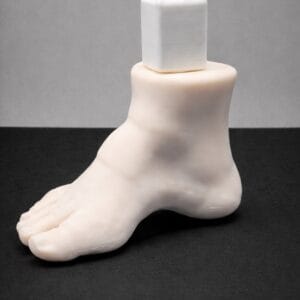 Pes Cavus - Radioopaque Bone - Opaque Skin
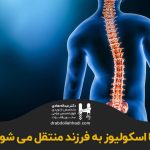 آیا-اسکولیوز-به-فرزند-منتقل-میشود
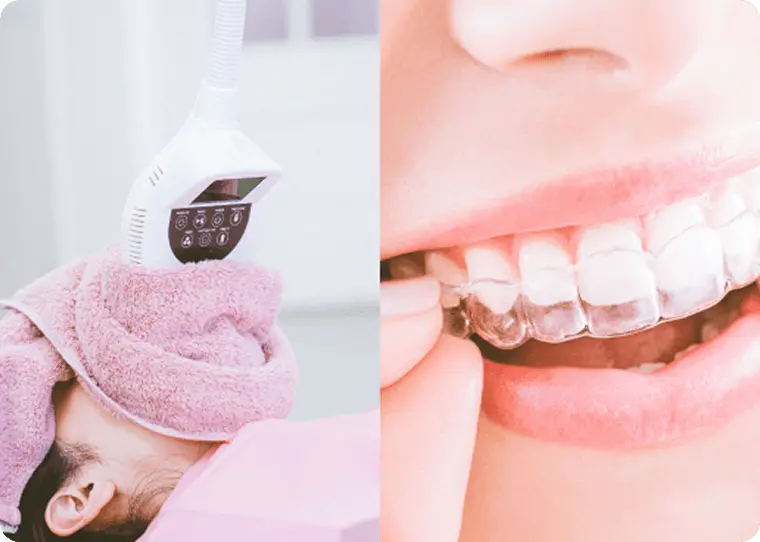 デュアルホワイトニング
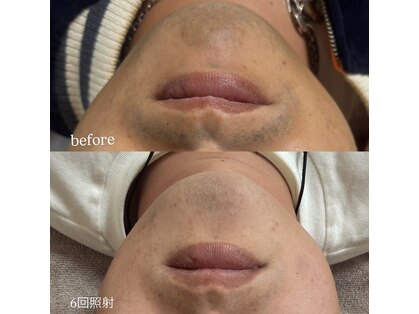 シュカ(Shuka)の写真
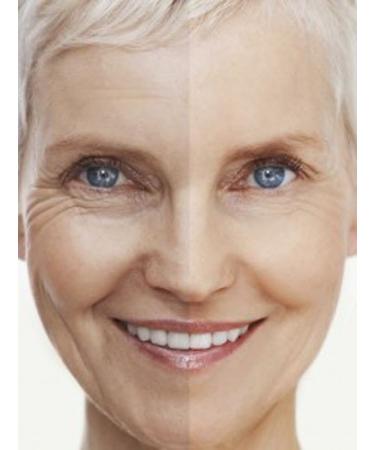 DNA Code -No Needle Alternative-Pure Argireline Peptides Winkle Reduce Cream-Hyaluronic Acid+ Matrixyl 3000 2 Fl Oz (Pack of 1) - Buy Online on GoSupps.com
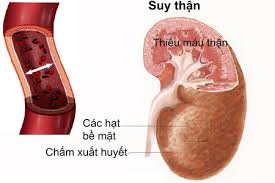 'Thực phẩm vàng' hỗ trợ điều trị suy thận do tiểu đường gây nên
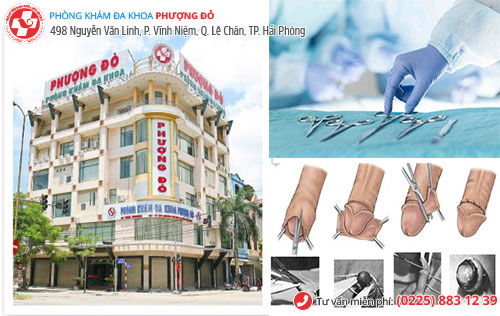 địa chỉ cắt bao quy đầu ở miền bắc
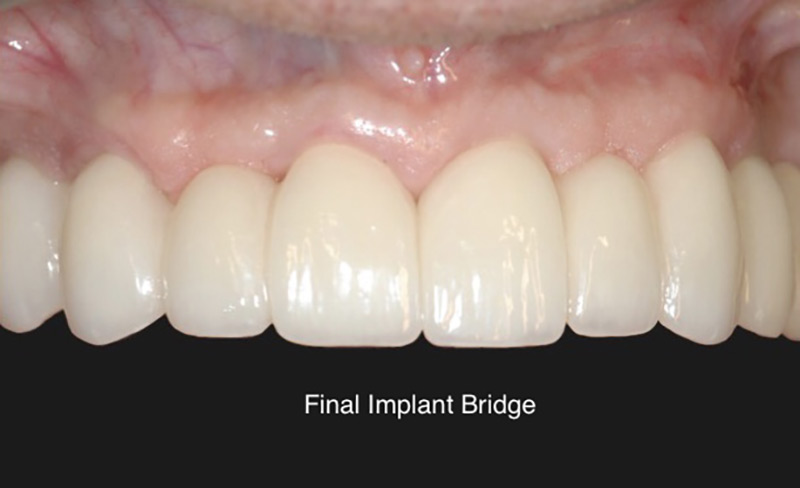 FInal implant bridge for patient of Portlant Perio Implant Center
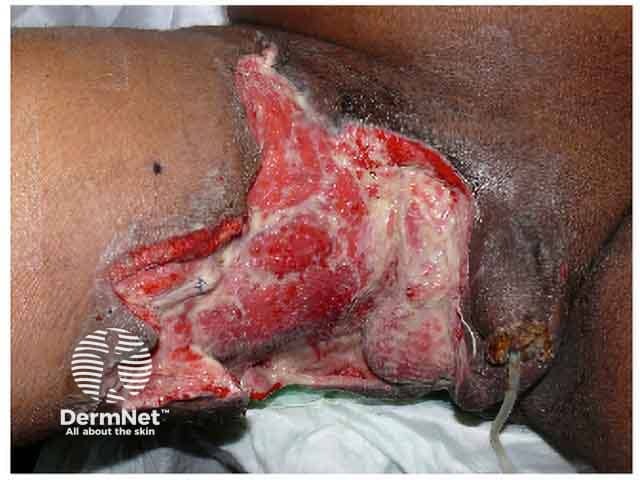 Fournier gangrene after debridement of necrotic tissue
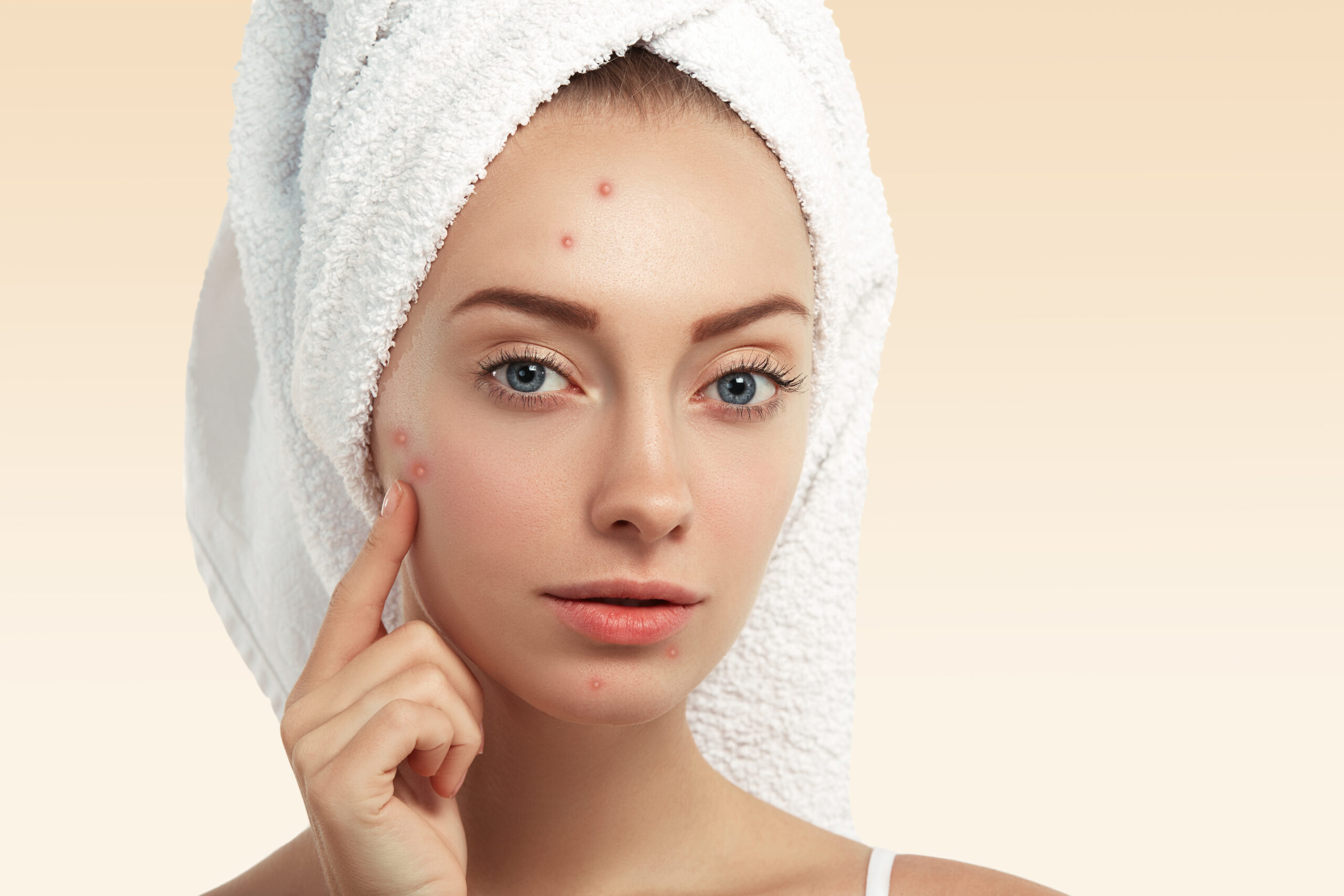 fade acne scars naturally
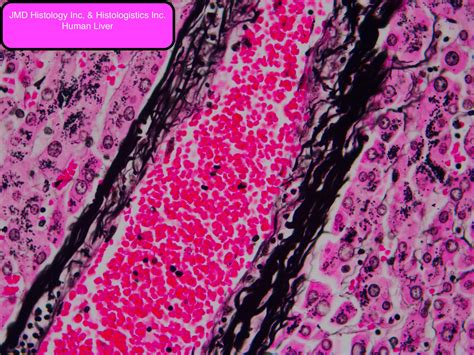 JMDHistology.com The Reticulum Stain is used in the histological ...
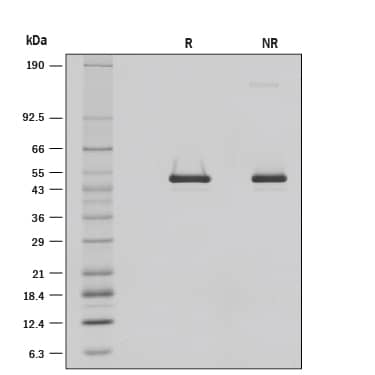 1 μg/lane of Recombinant Mouse Serpin F1/PEDF was resolved with SDS-PAGE under reducing (R) and non-reducing (NR) conditions and visualized by silver staining, showing R bands at 48.8, 42.5 kDa and NR bands at 140.8, 47.9, 42.1 kDa.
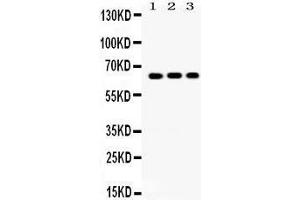 Western Blotting (WB) image for anti-Cryptochrome 1 (Photolyase-Like) (CRY1) (AA 153-189), (N-Term) antibody (ABIN3042761) (CRY1 抗体  (N-Term))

####

» Work task
Once you find the line that contains "JMDHistology.com The Reticulum", give it again along with every later line through the end of the data, word for word, minus the pictures.

» Expected answer
 JMDHistology.com The Reticulum Stain is used in the histological ...
 1 μg/lane of Recombinant Mouse Serpin F1/PEDF was resolved with SDS-PAGE under reducing (R) and non-reducing (NR) conditions and visualized by silver staining, showing R bands at 48.8, 42.5 kDa and NR bands at 140.8, 47.9, 42.1 kDa.
 Western Blotting (WB) image for anti-Cryptochrome 1 (Photolyase-Like) (CRY1) (AA 153-189), (N-Term) antibody (ABIN3042761) (CRY1 抗体  (N-Term))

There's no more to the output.